Web page caption snippets
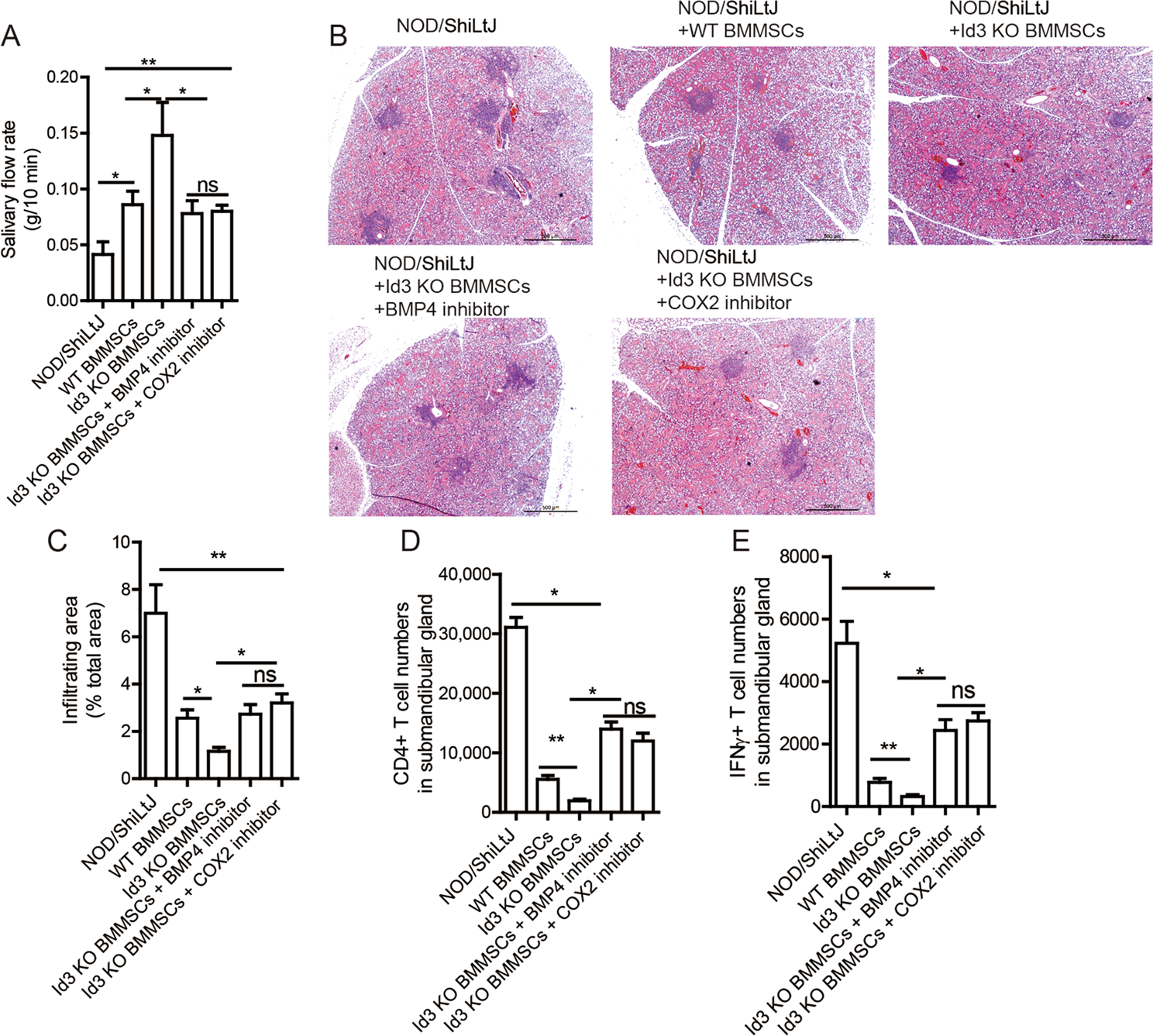 Fig. 5: Id3−/− BMMSCs suppress SS more efficiently than WT BMMSCs.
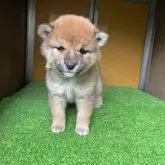 柴犬(標準サイズ)【愛知県・女の子・2025年2月28日・赤色】の写真6「生後　37日目　」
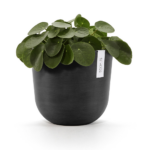 Ecopots Oslo
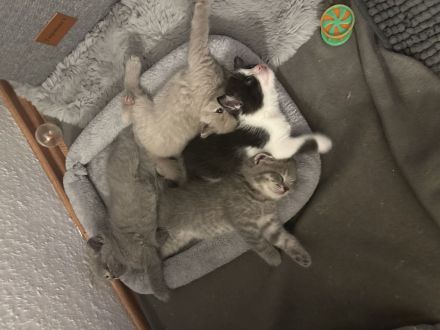 Reinrassige British Kurzhaar Kätzchen! (BKH/BSH)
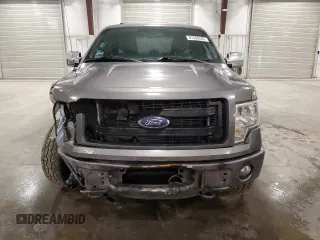 2013 Ford F-150 XL with VIN 1FTEX1EM6DFD11213, listed as a Copart auction lot 61350245 with 197,696 mi miles and Salvage title. Bid and sale history available at DreamBid. Image 5.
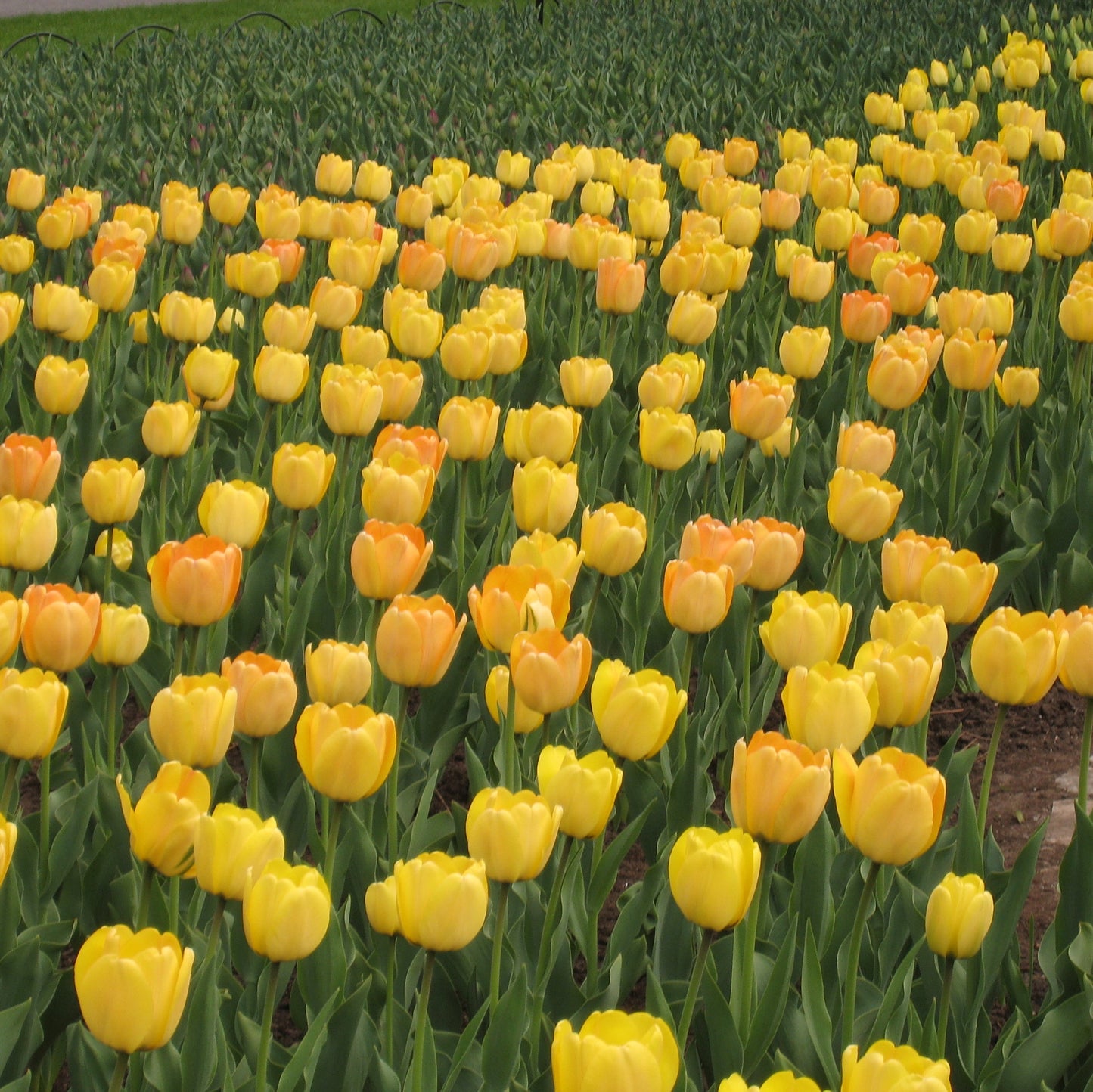 Tulip - Golden Apeldoorn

■ WHAT THE TASK ASKS ■
Quote the records above exactly, from the first line through the line containing "Reinrassige British Kurzhaar", and leave out the pictures.

■ ANSWER SECTION ■
 Fig. 5: Id3−/− BMMSCs suppress SS more efficiently than WT BMMSCs.
 柴犬(標準サイズ)【愛知県・女の子・2025年2月28日・赤色】の写真6「生後　37日目　」
 Ecopots Oslo
 Reinrassige British Kurzhaar Kätzchen! (BKH/BSH)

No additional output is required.